Dubai real estate is never easy to understand. During the boom years leading up to 2008, property analysts often referred to the emirate’s “wow factor” to explain the unexplainable – why was real estate so attractive?

Today, Dubai’s property market is as difficult to understand as ever. While overall prices are flat this year, prices for high-quality properties in popular locations are creeping up and developers say a new boom could be in the making.

As always in Dubai, the rumour mill is working overtime and there is wide-ranging speculation about why prices are going up. Theories include money laundering, regional investors relocating funds from countries affected by the Arab Uprisings and basic supply and demand.

The developers say their sales are with end-users, which proves the demand is there – and with most of the stalled projects in Dubai now complete, new stock is needed. So far the best-performing sector is villas, which cater for families residing in the emirate.

New projects will breathe life into the economy. Since 2008, the economy has stalled and although Dubai’s reputation as a trading hub helped to prevent a complete collapse, it is not able to deliver the growth so many companies in the region had become accustomed to.

Billions of dollars of capital expenditure on projects will deliver that growth. So far, this has not happened, but the first steps have been taken.
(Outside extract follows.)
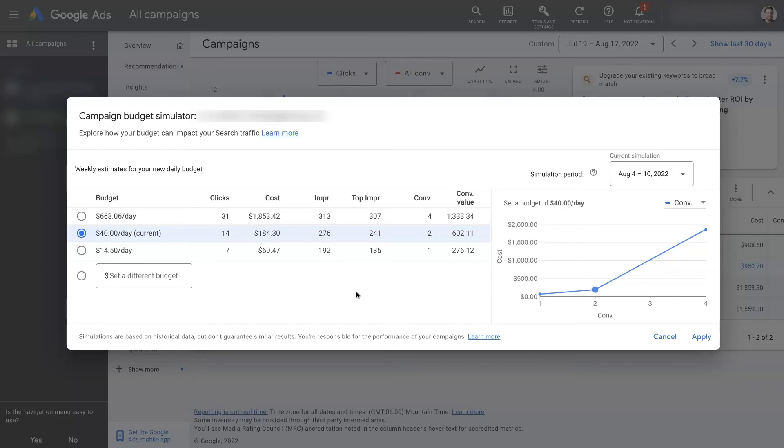If there's anything you had questions about in terms of the Google Ads budget simulator, don't hesitate to reach out. You can just drop your questions in the comments section below and I'll be sure to get back to them there.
Nakheel has awarded some contracts this year and Emaar properties has tendered new work. Although a few other developers, notably the local Al-Fattan Properties and Al-Habtoor Group, have started work on major new projects, others are still struggling to move ahead without funding from off-plan sales.

Over the next six months, Dubai will discover whether investors have the appetite to fund another real estate and construction boom, or just selected projects in established locations. If investors remain cautious, then Dubai will return to being what it always was, a steady market without the “wow”.